* [EXERCISE DETAILS]: Copy the data below exactly, omitting any picture it contains.

* [EXCERPTED DATA]:

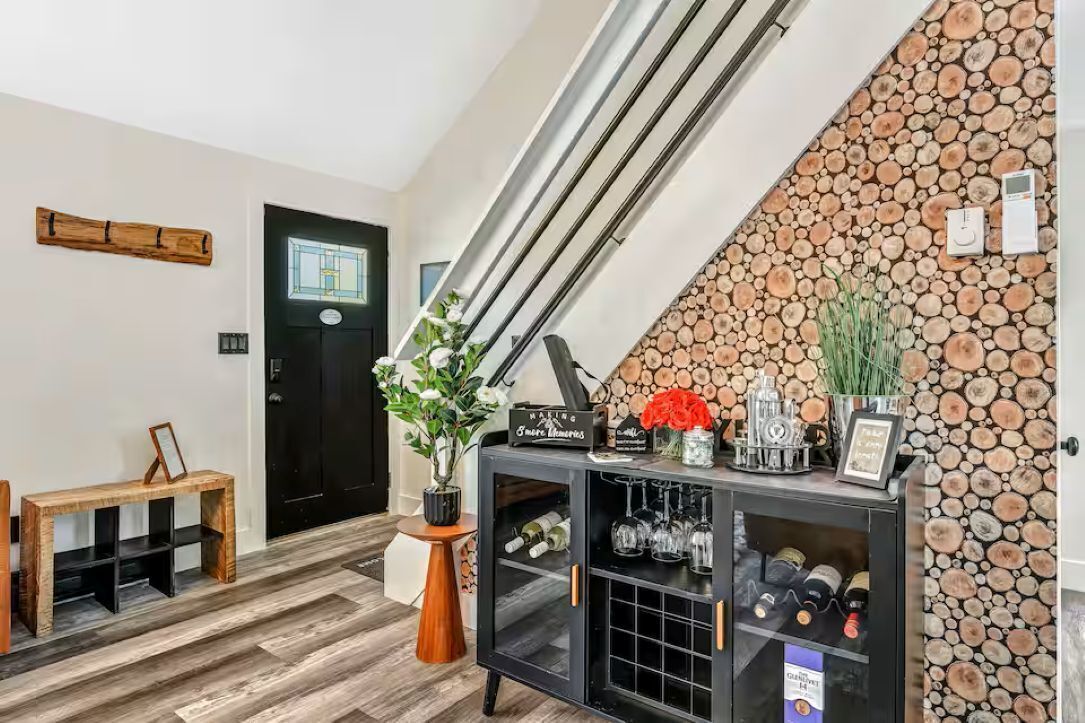 A modern interior with a staircase, a black door, a wooden bench, a console table with wine bottles, and a wall decorated with logs.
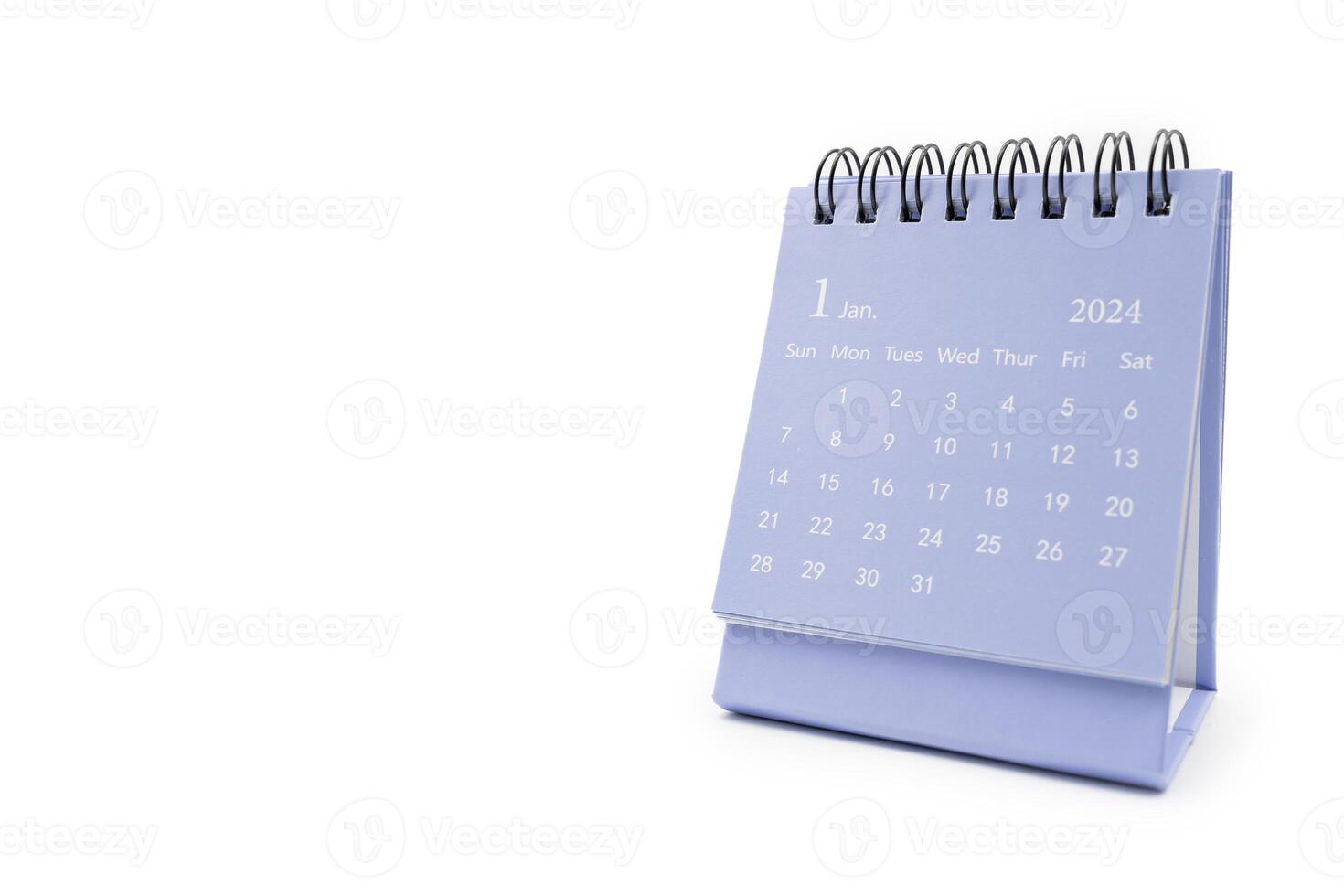 Simple blue desk calendar for January 2024 isolated on white background. Calendar concept with copy space. photo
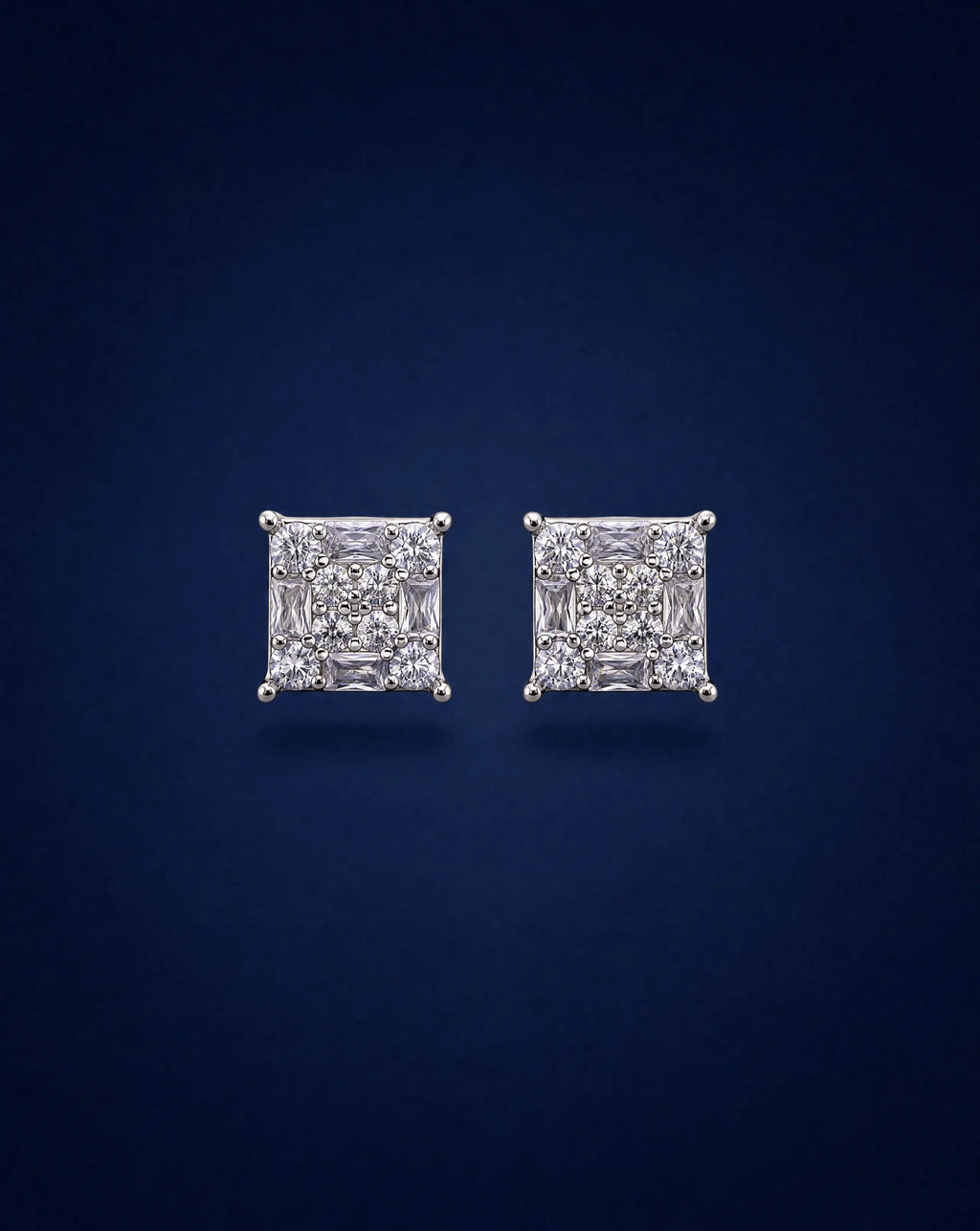 Pair of diamond stud earrings on a dark blue background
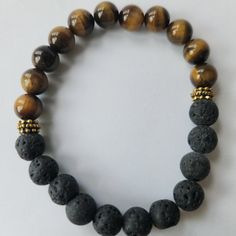 Nwt Lava Rock, Tiger Eye Beaded Bracelet. Lava Rock Is Made Of The Earth's Core And Is A Stone With A Special Connection To Mother Earth. This Is The Best Stone For Grounding, Stress Relief, Emotional Support, 8mm. For New Poshers, Enter Code Stephaniekj73 To Get $10 Off Your First Purchase! Casual Beaded Lava Stone Bracelets, Casual Black Lava Stone Beaded Bracelets, Casual Black Beaded Lava Stone Bracelets, Casual Brown Beaded Bracelets With Gemstone Beads, Casual Brown Gemstone Beads Bracelets, Casual Brown Bracelets With Gemstone Beads, Casual Brown Beaded Bracelets With Gemstones, Casual Hand-strung Brown Jewelry, Casual Brown Beaded Bracelets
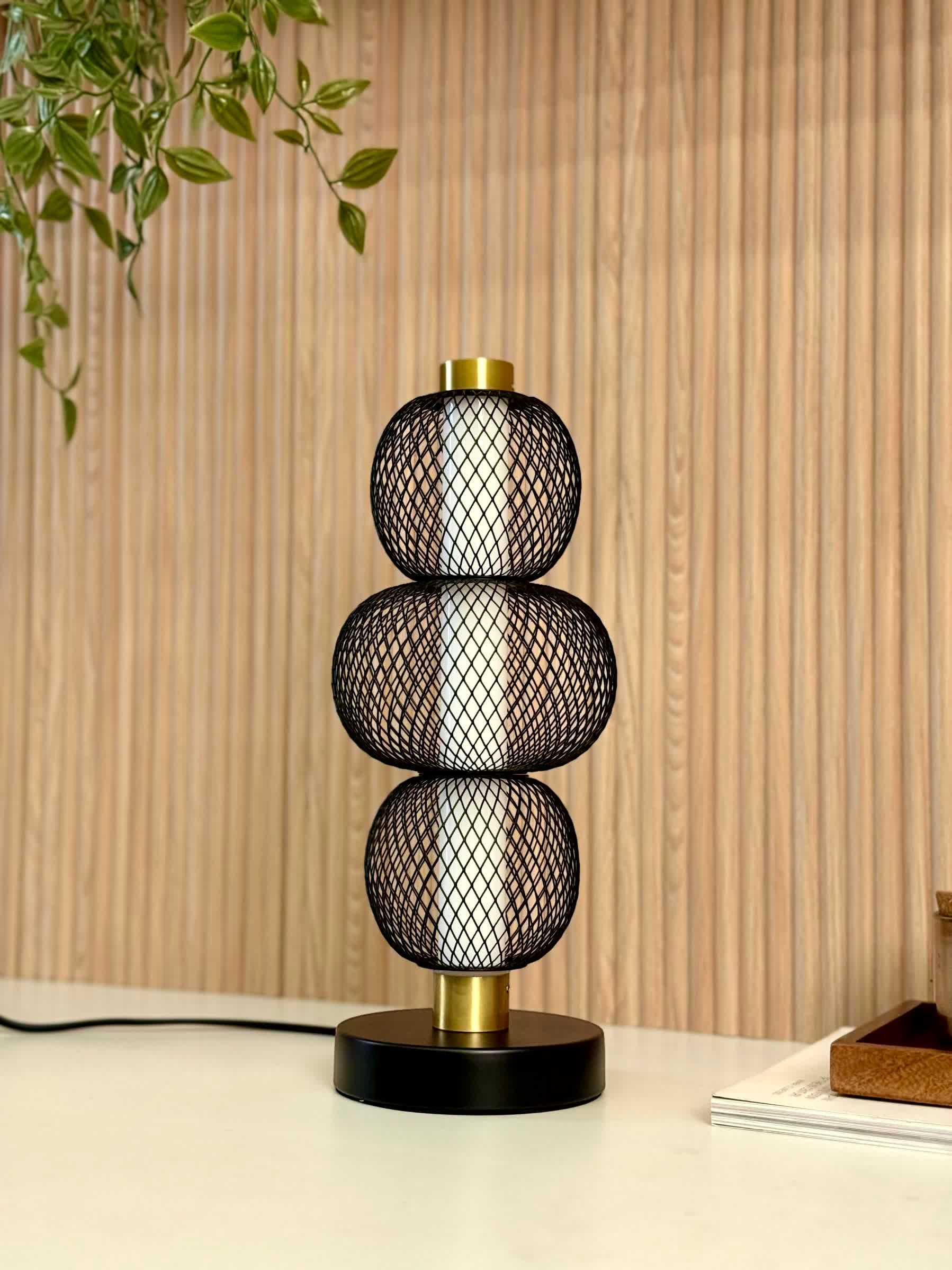 High Objects Trinity Slim Mesh Table Lamp with stacked black mesh spheres and brushed gold accents on a black base.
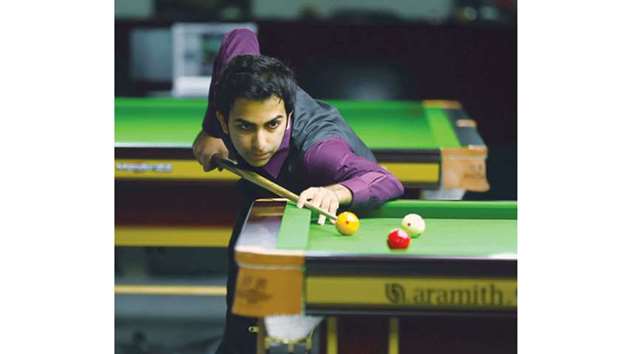 Indiau2019s Pankaj Advani lines up a shot during his world billiards final against Mike Russell of England at the Al Arabi Sports Club yesterday. (Left) Russell ponders his next move. Picture: Ram Chand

* [PROBLEM SOLUTION]:
 A modern interior with a staircase, a black door, a wooden bench, a console table with wine bottles, and a wall decorated with logs.
 Simple blue desk calendar for January 2024 isolated on white background. Calendar concept with copy space. photo
 Pair of diamond stud earrings on a dark blue background
 Nwt Lava Rock, Tiger Eye Beaded Bracelet. Lava Rock Is Made Of The Earth's Core And Is A Stone With A Special Connection To Mother Earth. This Is The Best Stone For Grounding, Stress Relief, Emotional Support, 8mm. For New Poshers, Enter Code Stephaniekj73 To Get $10 Off Your First Purchase! Casual Beaded Lava Stone Bracelets, Casual Black Lava Stone Beaded Bracelets, Casual Black Beaded Lava Stone Bracelets, Casual Brown Beaded Bracelets With Gemstone Beads, Casual Brown Gemstone Beads Bracelets, Casual Brown Bracelets With Gemstone Beads, Casual Brown Beaded Bracelets With Gemstones, Casual Hand-strung Brown Jewelry, Casual Brown Beaded Bracelets
 High Objects Trinity Slim Mesh Table Lamp with stacked black mesh spheres and brushed gold accents on a black base.
 Indiau2019s Pankaj Advani lines up a shot during his world billiards final against Mike Russell of England at the Al Arabi Sports Club yesterday. (Left) Russell ponders his next move. Picture: Ram Chand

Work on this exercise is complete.